→ Dataset section
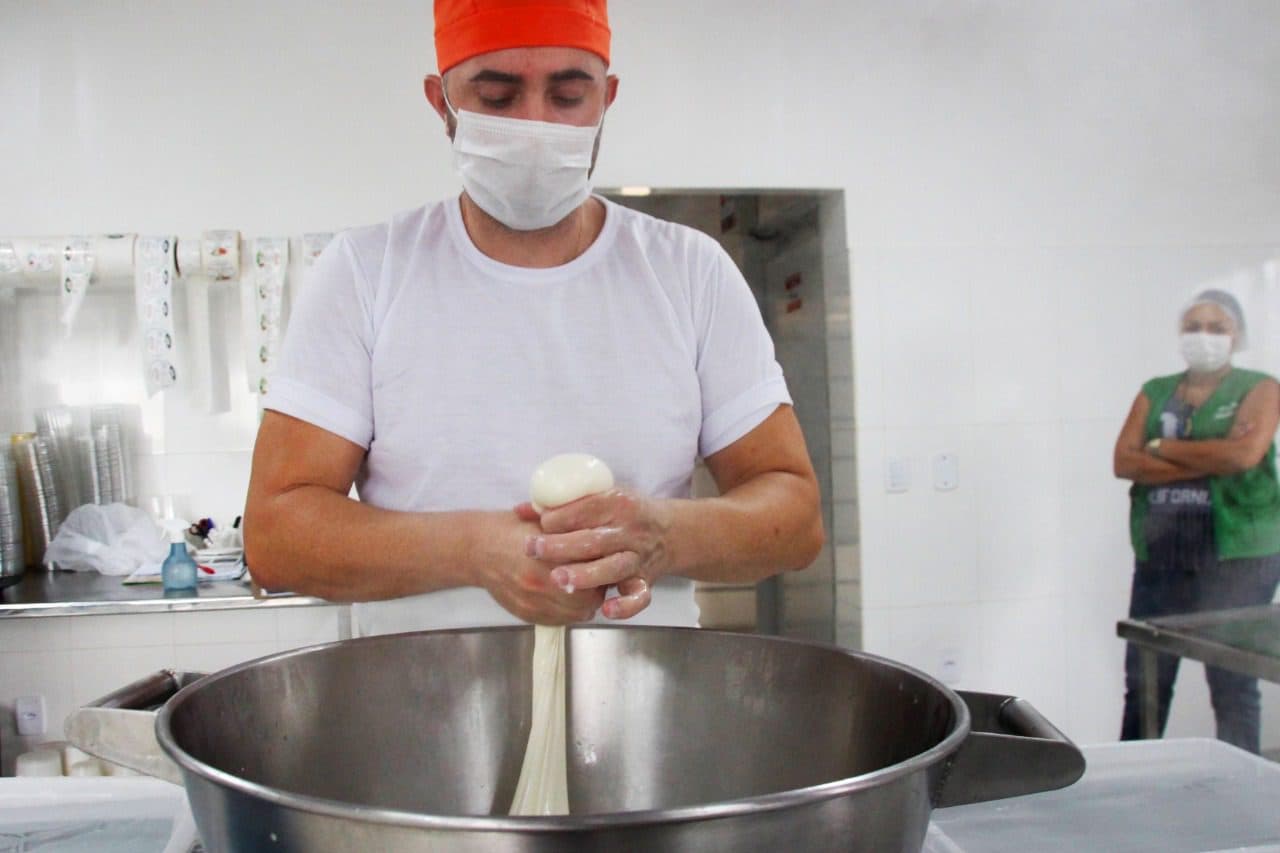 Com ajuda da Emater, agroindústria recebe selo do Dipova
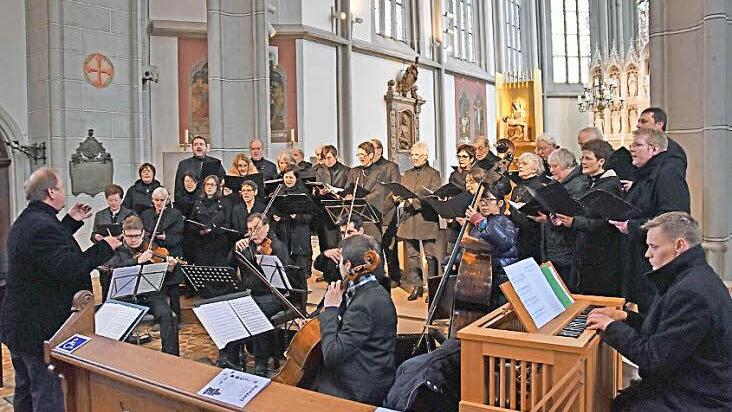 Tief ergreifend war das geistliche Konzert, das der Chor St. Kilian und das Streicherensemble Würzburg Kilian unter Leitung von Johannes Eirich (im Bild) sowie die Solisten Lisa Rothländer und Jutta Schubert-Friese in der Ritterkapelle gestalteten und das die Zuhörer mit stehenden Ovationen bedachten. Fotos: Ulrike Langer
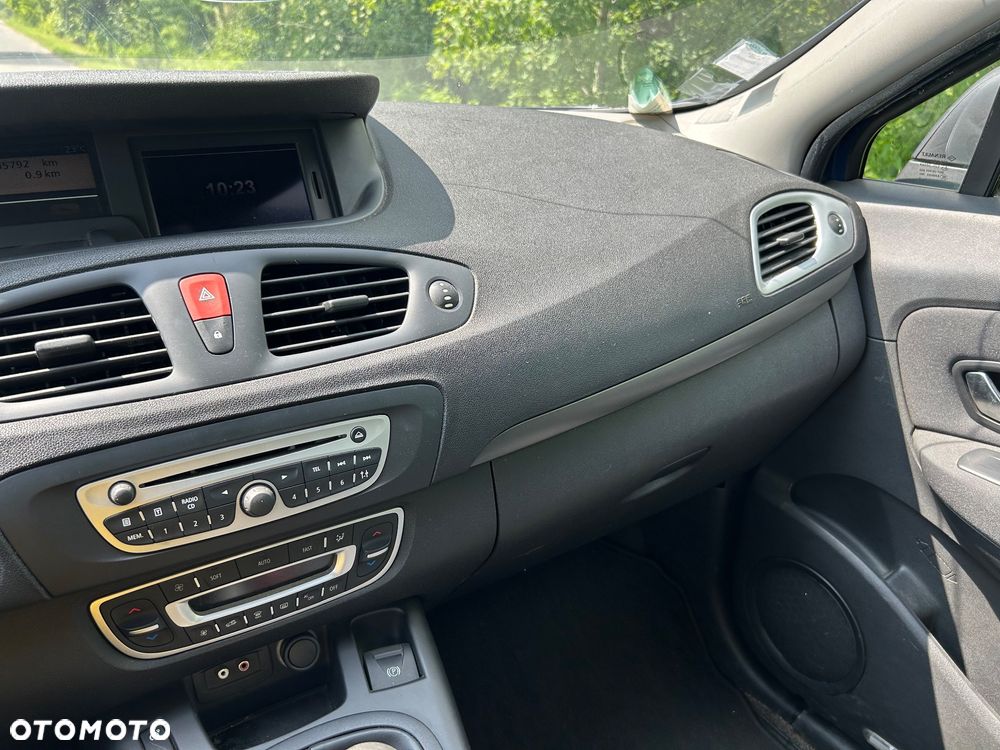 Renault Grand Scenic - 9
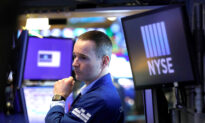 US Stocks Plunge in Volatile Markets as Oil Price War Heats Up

→ Requirement
All of the listing is to be written out exactly, with the pictures left out.

→ Completed exercise
 Com ajuda da Emater, agroindústria recebe selo do Dipova
 Tief ergreifend war das geistliche Konzert, das der Chor St. Kilian und das Streicherensemble Würzburg Kilian unter Leitung von Johannes Eirich (im Bild) sowie die Solisten Lisa Rothländer und Jutta Schubert-Friese in der Ritterkapelle gestalteten und das die Zuhörer mit stehenden Ovationen bedachten. Fotos: Ulrike Langer
 Renault Grand Scenic - 9
 US Stocks Plunge in Volatile Markets as Oil Price War Heats Up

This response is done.